Tuesday, September 29, 2015

Exercise your right to read!

September 27 through October 3 is Banned Books Week, a yearly event sponsored by the American Library Association to call attention to the still ongoing effort in some quarters to censor our reading material.

These days, it seems that the main push to ban books comes through school libraries, usually middle school libraries. Parents and/or teachers express concerns about allowing children access to certain ideas. Usually, these are ideas with which the adults disagree but there is really no evidence that they would damage young minds.

A major objection to books in recent years, for example, are those which depict gay marriage or other non-traditional family situations. There are also sometimes objections to having women characters who are strong and independent and pursue "unfeminine" professions.

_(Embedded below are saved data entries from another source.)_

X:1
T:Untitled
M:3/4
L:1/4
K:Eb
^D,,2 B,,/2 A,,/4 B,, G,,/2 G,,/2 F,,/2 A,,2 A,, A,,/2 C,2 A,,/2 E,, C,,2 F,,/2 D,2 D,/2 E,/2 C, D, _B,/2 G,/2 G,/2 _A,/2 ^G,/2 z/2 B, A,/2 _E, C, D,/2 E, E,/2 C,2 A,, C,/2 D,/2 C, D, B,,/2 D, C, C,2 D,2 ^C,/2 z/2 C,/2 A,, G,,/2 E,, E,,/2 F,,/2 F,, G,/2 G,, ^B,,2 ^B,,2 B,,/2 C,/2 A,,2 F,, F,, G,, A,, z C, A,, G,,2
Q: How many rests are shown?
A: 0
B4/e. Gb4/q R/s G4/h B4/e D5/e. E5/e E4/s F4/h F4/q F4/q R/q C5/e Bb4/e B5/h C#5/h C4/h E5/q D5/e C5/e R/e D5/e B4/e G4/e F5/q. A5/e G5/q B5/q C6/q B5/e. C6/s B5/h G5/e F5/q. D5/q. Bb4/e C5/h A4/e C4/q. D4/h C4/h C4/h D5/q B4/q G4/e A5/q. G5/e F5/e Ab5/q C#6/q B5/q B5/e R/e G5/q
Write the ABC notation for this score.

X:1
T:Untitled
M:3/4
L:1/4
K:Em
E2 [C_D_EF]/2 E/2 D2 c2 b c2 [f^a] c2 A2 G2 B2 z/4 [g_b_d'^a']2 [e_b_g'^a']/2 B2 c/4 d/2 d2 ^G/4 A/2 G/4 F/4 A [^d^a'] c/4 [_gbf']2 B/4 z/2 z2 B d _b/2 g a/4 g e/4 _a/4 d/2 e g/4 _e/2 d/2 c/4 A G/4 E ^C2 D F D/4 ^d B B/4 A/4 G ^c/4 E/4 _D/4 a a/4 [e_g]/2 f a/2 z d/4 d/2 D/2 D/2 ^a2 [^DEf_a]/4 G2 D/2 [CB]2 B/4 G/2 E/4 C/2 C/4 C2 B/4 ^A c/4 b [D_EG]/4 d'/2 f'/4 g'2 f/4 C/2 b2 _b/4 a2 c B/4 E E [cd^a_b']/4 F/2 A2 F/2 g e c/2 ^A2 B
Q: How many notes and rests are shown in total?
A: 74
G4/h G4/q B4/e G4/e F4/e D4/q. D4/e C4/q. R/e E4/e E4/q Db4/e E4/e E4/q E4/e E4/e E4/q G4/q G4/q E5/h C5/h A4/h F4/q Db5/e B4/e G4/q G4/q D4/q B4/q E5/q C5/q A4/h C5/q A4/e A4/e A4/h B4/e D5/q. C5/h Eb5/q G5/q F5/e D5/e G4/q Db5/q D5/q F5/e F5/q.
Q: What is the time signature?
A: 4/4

This is a list of the ten most challenged books during the past year and the reasons for their being challenged:
  1. The Absolutely True Diary of a Part-Time Indian by Sherman Alexie: Cultural insensitivity, drugs/alcohol/smoking, anti-family, sex education, sexually explicit, unsuited for age group, violence, depiction of bullying. 
  2. Persepolis by Marjane Satrapi: Gambling, offensive language, political viewpoint, graphic depictions.
  3. And Tango Makes Three by Justin Richardson and Peter Parnell: Homosexuality, political viewpoint, religious viewpoint, homosexuality, unsuited for age group, "promotes the homosexual agenda."
  4. The Bluest Eye by Toni Morrison: Sexually explicit, unsuited for age group, "contains controversial issues."
  5. It's Perfectly Normal by Robie Harris: Nudity, sex education, sexually explicit, unsuited to age group.
  6. Saga by Brian Vaughan and Fiona Staples: Anti-family, nudity, offensive language, sexually explicit, unsuited for age group.
  7. The Kite Runner by Khaled Hosseini: Offensive language, violence, and unsuited for age group.
  8. The Perks of Being a Wallflower by Stephen Chbosky: Homosexuality, sexuality explicit, offensive language, "date rape and masturbation," drugs/alcohol/smoking.
  9. A Stolen Life by Jaycee Dugard: Drugs/alcohol/smoking, offensive language, sexually explicit.
  10. Drama by Raina Telgemeier: Sexually explicit.
These books join an honor roll of books from our history that have actually been banned when first published, including The Great Gatsby, The Catcher in the Rye, The Grapes of Wrath, To Kill a Mockingbird, The Color Purple, Ulysses, Beloved, The Lord of the Flies, 1984, Lolita, just to name a few.

So, exercise your right to read this week, maybe by reading one of these "banned" books. Most importantly, don't ever let anyone tell you what you should or shouldn't read or enjoy reading.